__WHAT THE TASK ASKS__
From the line containing "Border Collie Linhagens" to the final line of the entries, copy each line exactly. Pictures stay out.

__RECORD EXCERPTS__

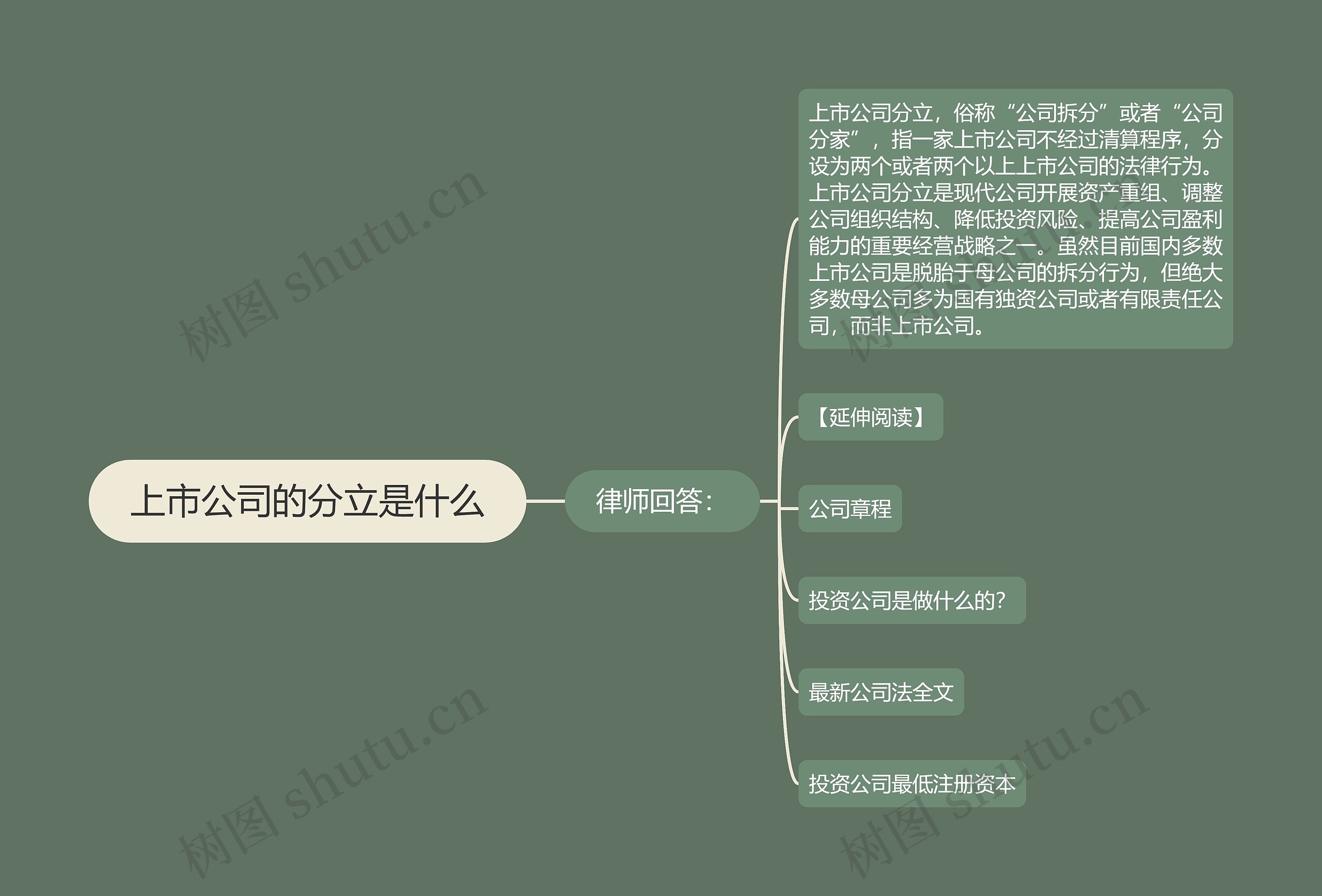 上市公司的分立是什么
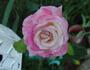 Dorothy Anne rose photo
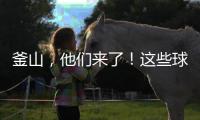 釜山，他們來(lái)了！這些球隊(duì)將亮相2020團(tuán)體世乒賽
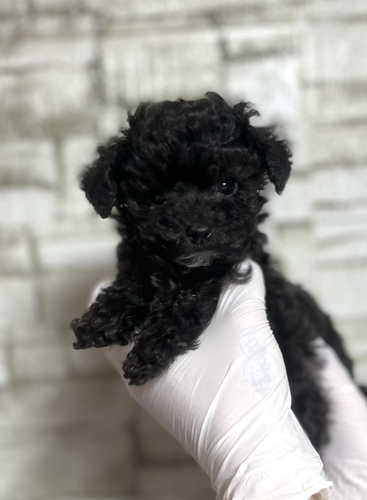 トイ・プードル 犬の販売・譲渡 44092 ブラック 男の子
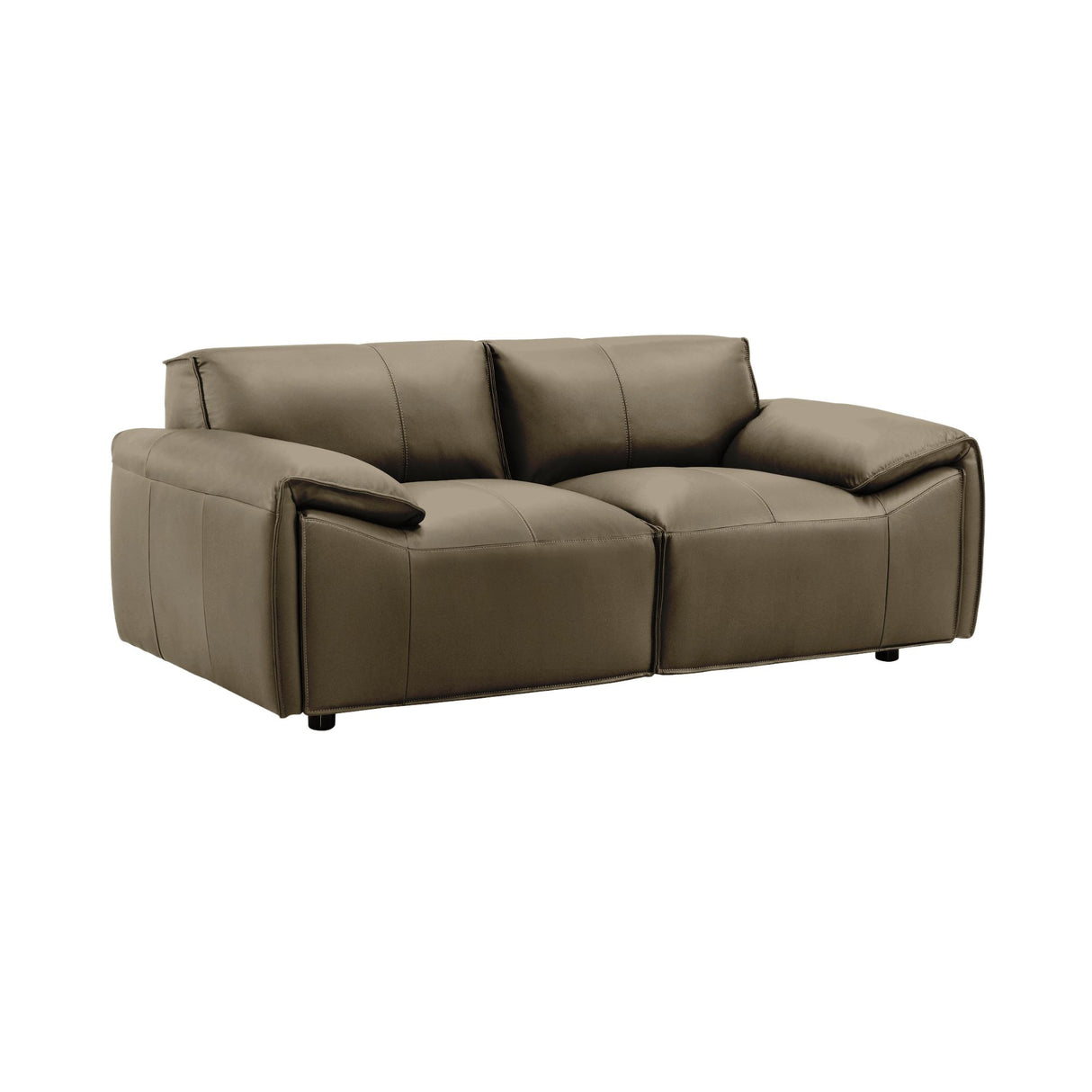 Tanner - Leather Loveseat With Padded Arms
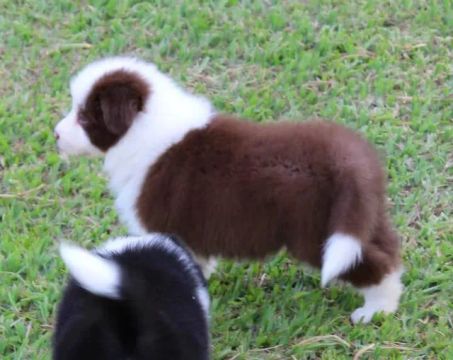 Border Collie Linhagens campeã, e pais importados 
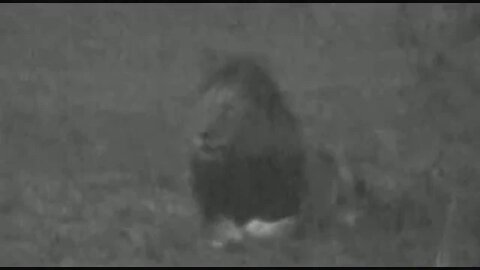 Male Lion Roar - Near Darkness b/w
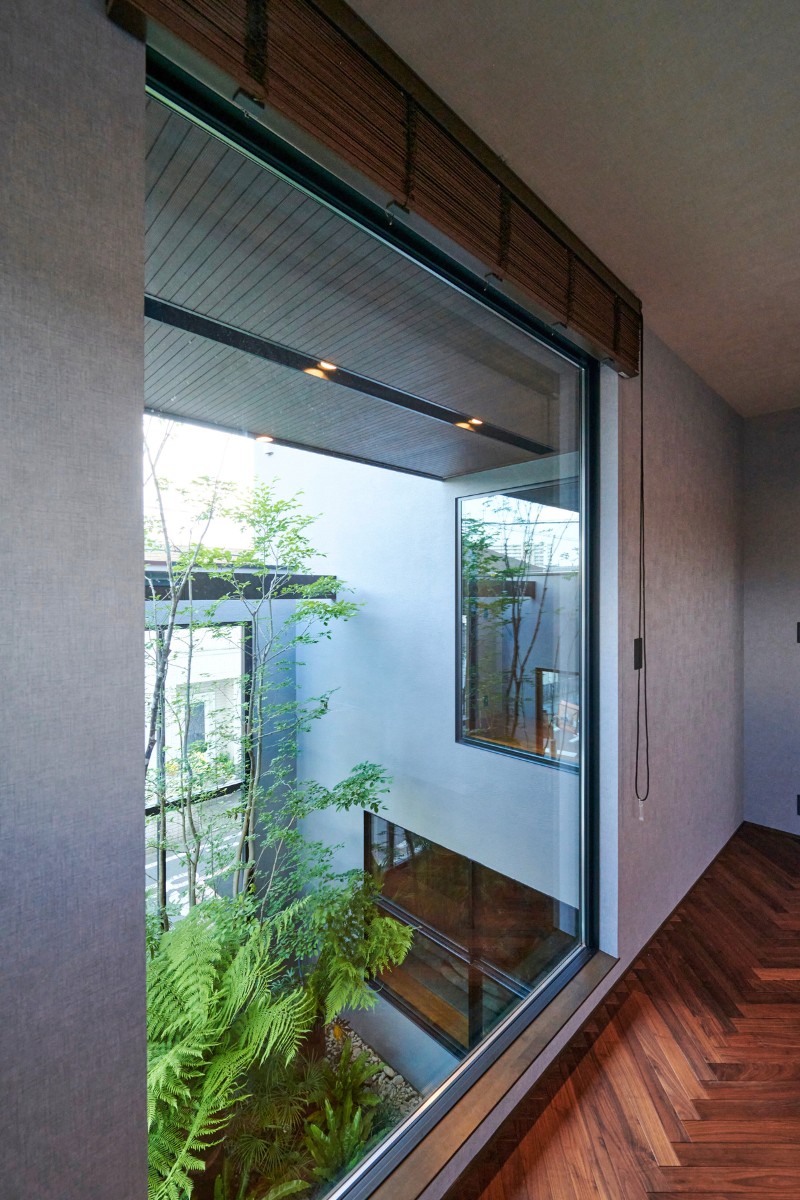 2階居室から見た、緑に潤うライトコートの画像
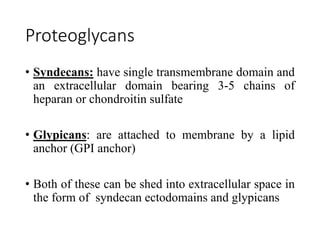 Proteoglycans
• Syndecans: have single transmembrane domain and
an extracellular domain bearing 3-5 chains of
heparan or chondroitin sulfate
• Glypicans: are attached to membrane by a lipid
anchor (GPI anchor)
• Both of these can be shed into extracellular space in
the form of syndecan ectodomains and glypicans
 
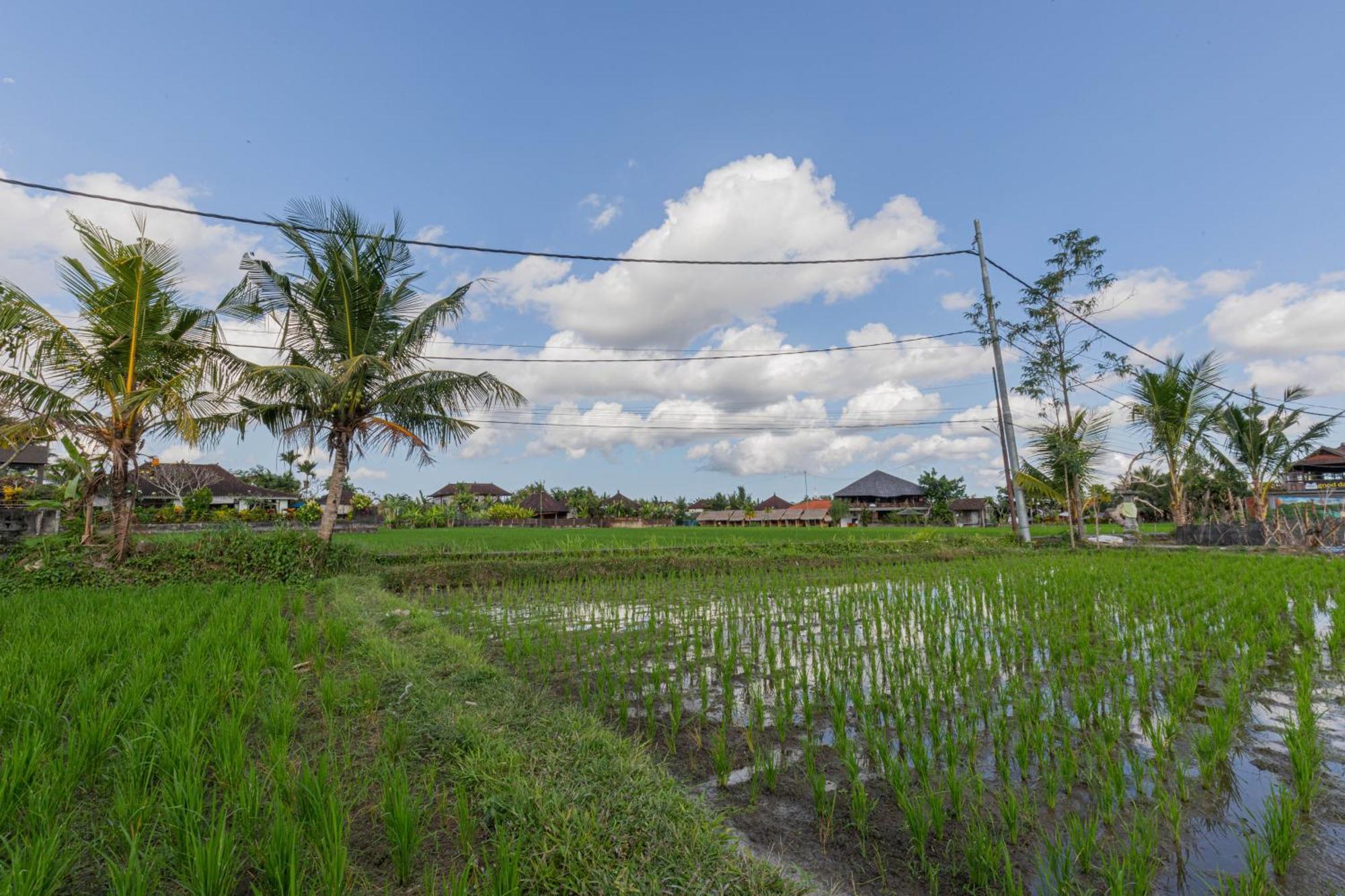 Niluh Private Villas Ubud Exteriér fotografie
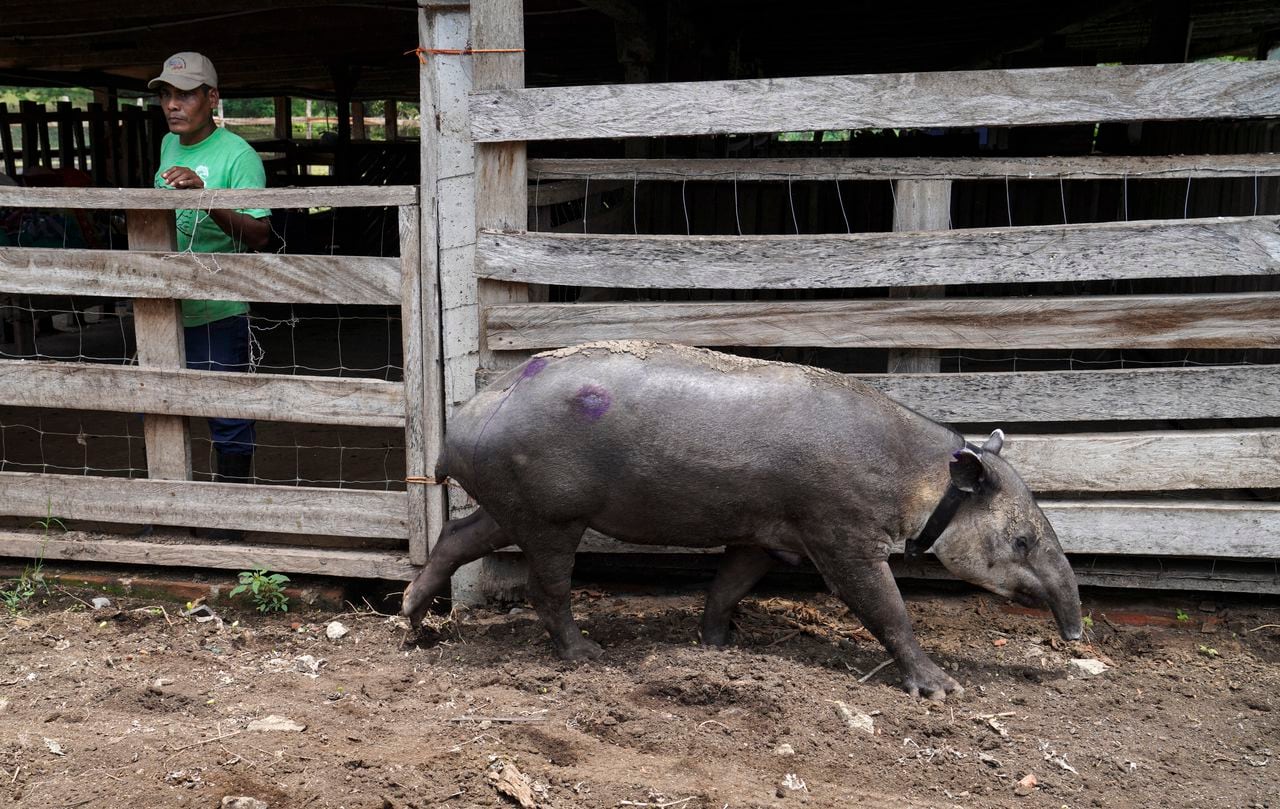 A tapir named "Agostina" is released in the Cervantes wildlife reserve in Chinandega, Nicaragua, on August 18, 2023. (Photo by OSWALDO RIVAS / AFP)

__RESPONSE AREA__
 Border Collie Linhagens campeã, e pais importados 
 Male Lion Roar - Near Darkness b/w
 2階居室から見た、緑に潤うライトコートの画像
 Proteoglycans
• Syndecans: have single transmembrane domain and
an extracellular domain bearing 3-5 chains of
heparan or chondroitin sulfate
• Glypicans: are attached to membrane by a lipid
anchor (GPI anchor)
• Both of these can be shed into extracellular space in
the form of syndecan ectodomains and glypicans
 
 Niluh Private Villas Ubud Exteriér fotografie
 A tapir named "Agostina" is released in the Cervantes wildlife reserve in Chinandega, Nicaragua, on August 18, 2023. (Photo by OSWALDO RIVAS / AFP)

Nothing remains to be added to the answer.